L’origine du nom de la Moria est donnée dans les brouillons de la lettre 297, adressée à "Monsieur Rang", et datés d’août 1967 (p. 530-541). Tolkien écrit en effet (p. 537) :
[La Moria] est en fait [un nom] apparu dans le chap[itre] 1 de Bilbo le Hobbit. C’était à l’époque, si je me souviens bien, un léger "écho" au château de Soria Moria de l’un des contes scandinaves traduits par Dasent. (Ce conte ne m’intéressait pas du tout ; je l’avais oublié et ne l’ai jamais reparcouru depuis. C’était simplement la source de la séquence sonore de moria, qui aurait pu être découverte ou composée ailleurs.) J’aimais cette séquence, qui allitérait avec mines et proposait un lien avec l’élément MOR de ma construction linguistique.
Tolkien fait ici référence au livre de George W.W. Dasent,
Popular Tales from Norse Mythology, publié en 1859.
Le château de Soria Moria est un conte norvégien qui raconte l’histoire d’un groupe de jeunes paysans catholiques en prise avec des trolls dans leur château. Grâce à leurs ruses et à leur courage, ils parviendront à s’enfuir de l’ignoble château en libérant au passage une pauvre princesse retenue prisonnière.
Le nom de Moria n’aurait donc aucun lien avec la Bible (par le biais du Mont Moriah), ni avec ce conte norvégien d’origine scandinave. C’est ce que Tolkien explique quelques pages plus haut dans la même lettre lorsqu’il écrit à propos des supposées sources des noms de son invention (p. 531) :
[…] l’essentiel de cette nomenclature est construit à partir de [...] langues préexistantes, et lorsque les noms propres qui en résultent possèdent une signification analysable (ce qui est fréquent), elle n’est pertinente qu’à l’intérieur de la fiction dans laquelle ils sont intégrés. La "source", s’il y en a une, n’a fournie que la séquence sonore (ou des suggestions pour son origine) et sa signification à la source n’est absolument pas pertinente […].
Tolkien réaffirme ainsi sa façon de procéder pour inventer des noms, dans le but de satisfaire son goût pour l’esthétique linguistique, qu’il avait de particulièrement développé.
Toutefois, l’écriture de cette lettre est avant tout motivée par son irritation de voir des lecteurs proposer des hypothèses (qu’il qualifie de "fantasmes") faites sur les "sources" de sa nomenclature. Cette lettre ne reflète donc qu’une facette du processus créatif en oeuvre chez Tolkien, les sources mythologiques de ses écrits étant avérées par d’autres lettres.

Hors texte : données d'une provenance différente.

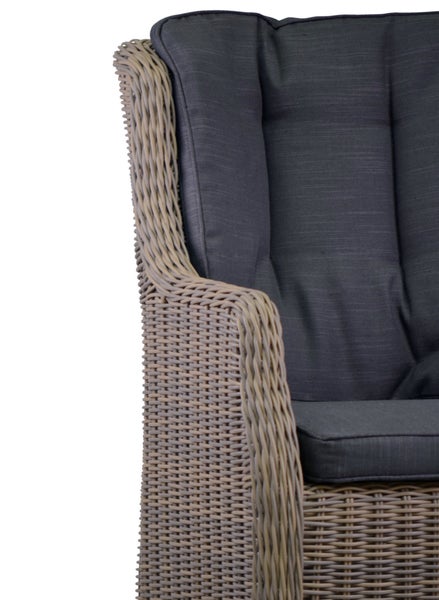 Geflechtsessel Polyrattan Rattansessel Gartenssel premium Poly Rattan mit Sitzkissen wetterfest hochwertiges Geflecht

Or, il est intéressant de noter que le conte
Le château de Soria Moria a aussi été publié par Andrew Lang en 1890 dans
The Red Fairy Book, livre qu’avait adoré lire Tolkien enfant. Dans la biographie de Carpenter, l’on apprend ainsi (p. 33) :
[…] ce fut surtout à lire les Contes de fées d’Andrew Lang qu’il prit le plus grand plaisir ; surtout le Red Fairy Book dont les pages recelaient la plus belle histoire qu’il ait jamais lue : celle de Sigurd qui tua le dragon Fafnir : un récit étrange et puissant qui se passe dans le Nord, dans un pays sans nom.
Ce fut d’ailleurs à l’occasion d’une conférence en l’honneur d’A. Lang, à l’université de Saint-Andrews au début du mois de mars 1939, que Tolkien intervint sur le sujet des contes de fées, qui donna la matière de son essai "Du conte de fées". Alors pourquoi citer dans sa lettre de 1967 la version de G.W.W. Dasent du
Château de Soria Moria, plutôt que celle d’A. Lang, qu’il a forcément lue (et,
a priori, appréciée) ? L’aurait-il oubliée ? Au regard de son estime pour cet auteur, cela parait peu probable.
On peut légitimement se demander si cet "oubli" de Tolkien ne serait pas un moyen comme un autre de "brouiller" un peu plus les pistes concernant le "décryptage" de son œuvre, travail qu’il jugeait d'ailleurs de peu d'intérêt. De fait, le livre d’A. Lang ne serait-il pas une source importante à étudier pour comprendre certains éléments de
Bilbo le Hobbit concernant les Nains (sans même parler de l'influence de la légende de Sigurd, les trolls norvégiens du Château de Soria Moria apparaissent comme les lointains descendants des géants/nains scandinaves...) ? Ne peut-on d'ailleurs voir dans le
Red Book de Tolkien un hommage au
Red Fairy Book de Lang ?
Cordialement,
T.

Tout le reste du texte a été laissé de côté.